-------- Record extracts

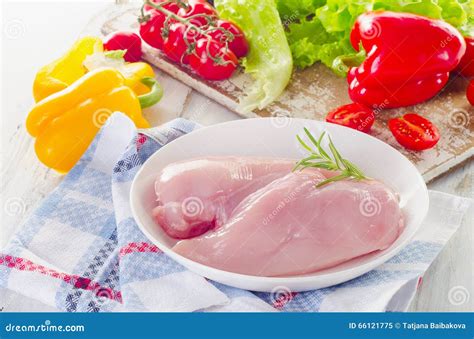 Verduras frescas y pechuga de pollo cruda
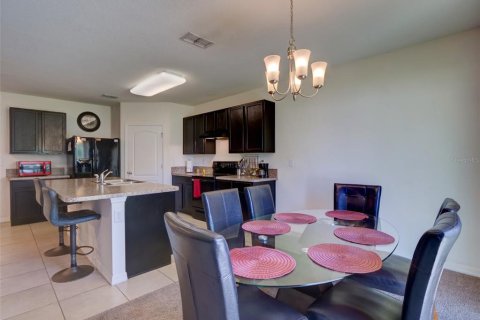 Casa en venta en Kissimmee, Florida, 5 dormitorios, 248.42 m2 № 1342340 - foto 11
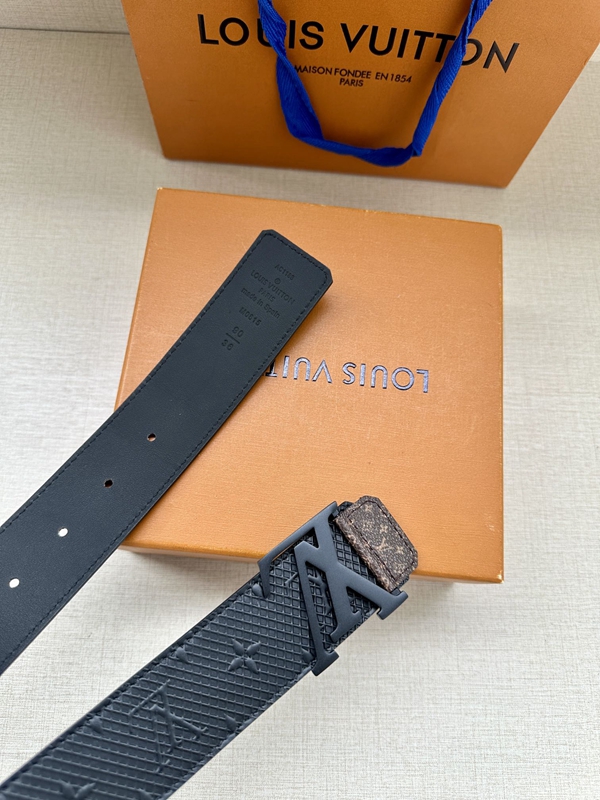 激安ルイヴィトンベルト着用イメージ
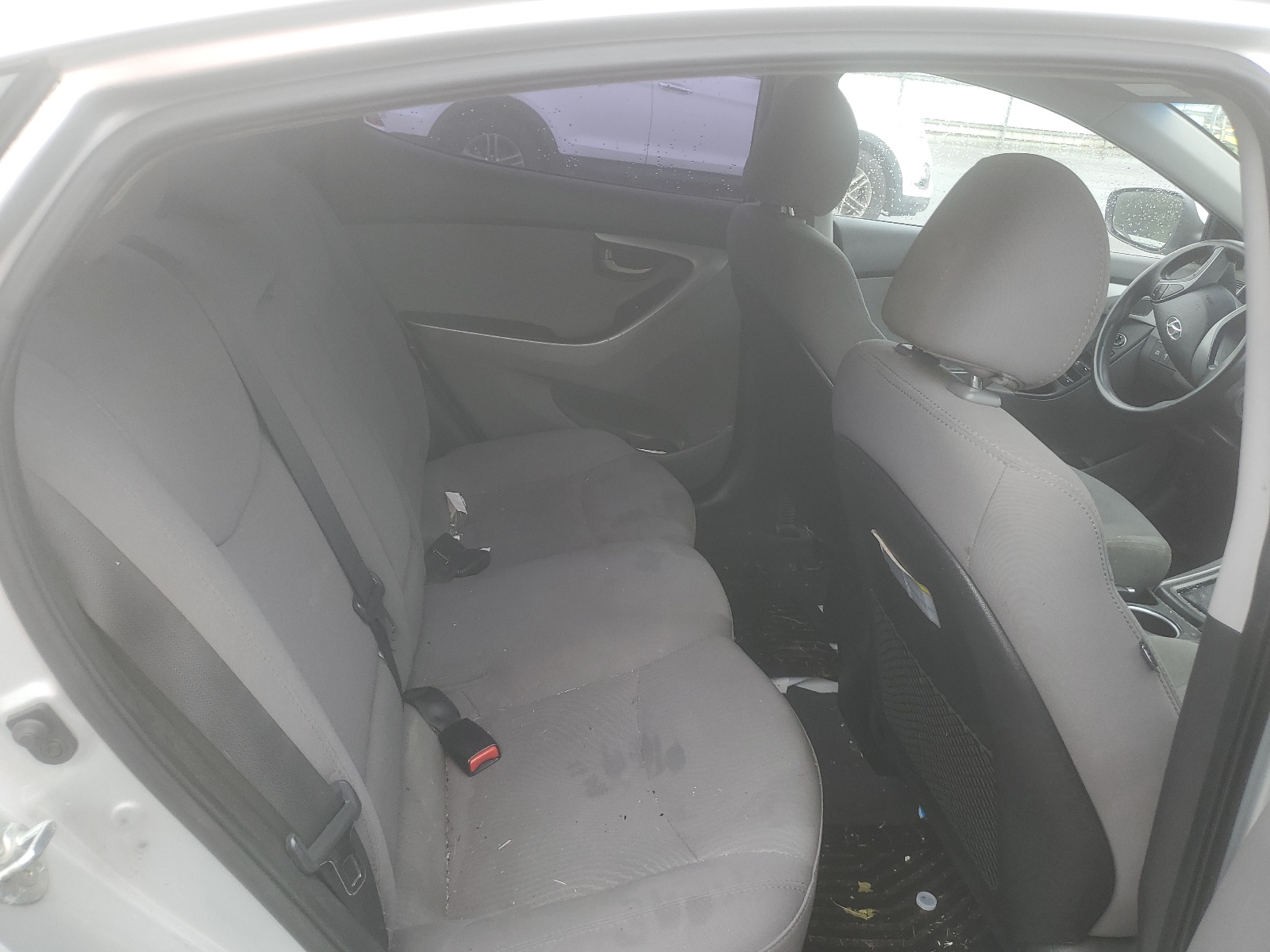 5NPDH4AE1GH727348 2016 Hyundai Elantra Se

----------------
-------- Record extracts

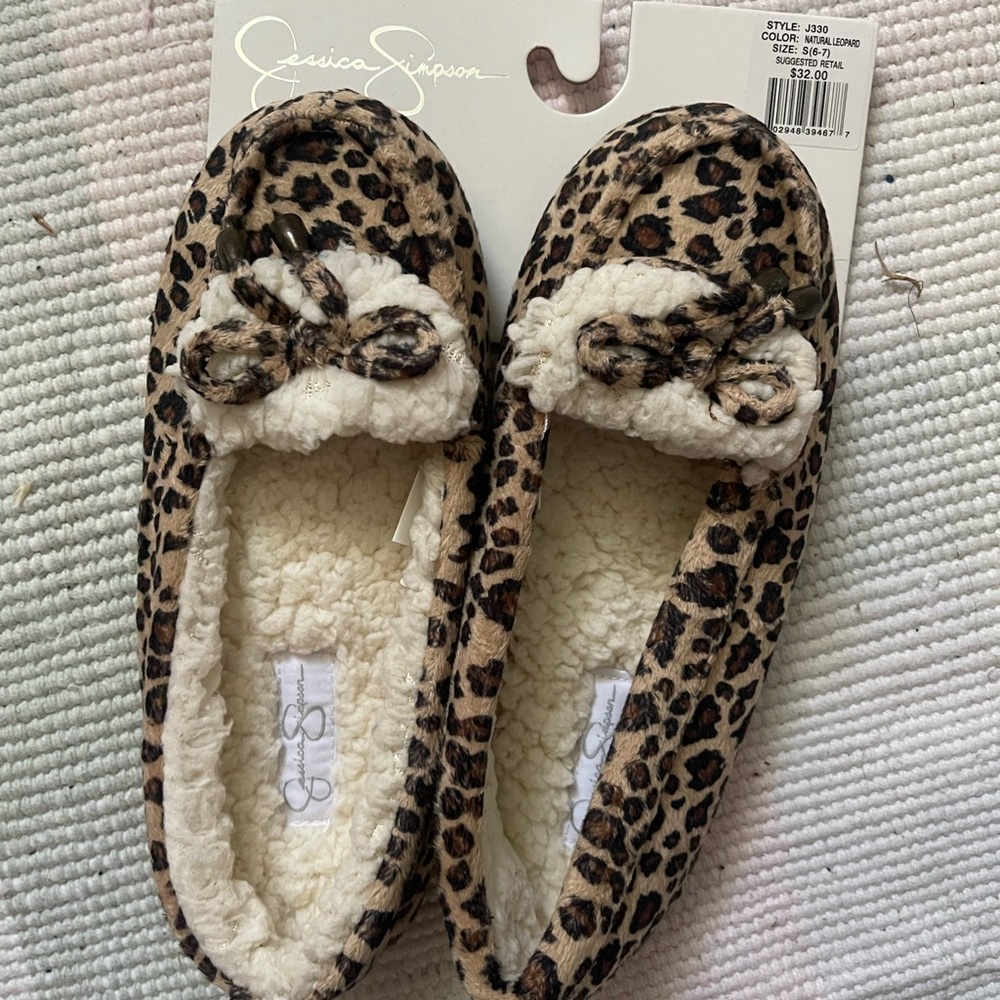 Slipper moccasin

----------------
-------- Record extracts

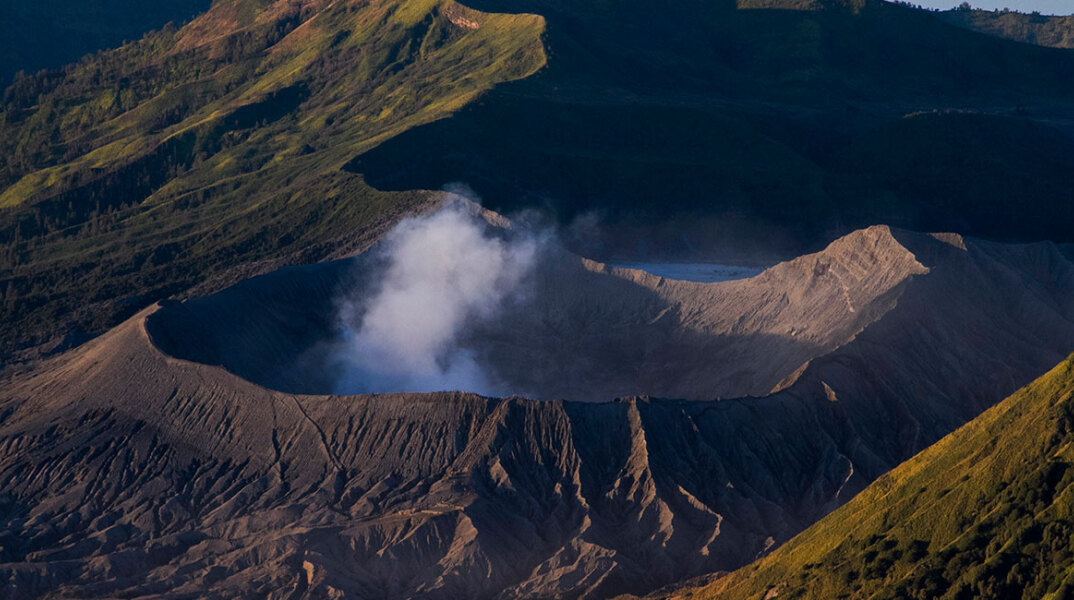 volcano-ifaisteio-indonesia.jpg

----------------

• _Work order_:
Every line above in the stretch from the one with "Verduras frescas y pechuga de pollo cruda" through the one with "5NPDH4AE1GH727348 2016 Hyundai Elantra Se" is to be transcribed exactly, ends included. No picture is copied.

• _Result of the exercise_:
 Verduras frescas y pechuga de pollo cruda
 Casa en venta en Kissimmee, Florida, 5 dormitorios, 248.42 m2 № 1342340 - foto 11
 激安ルイヴィトンベルト着用イメージ
 5NPDH4AE1GH727348 2016 Hyundai Elantra Se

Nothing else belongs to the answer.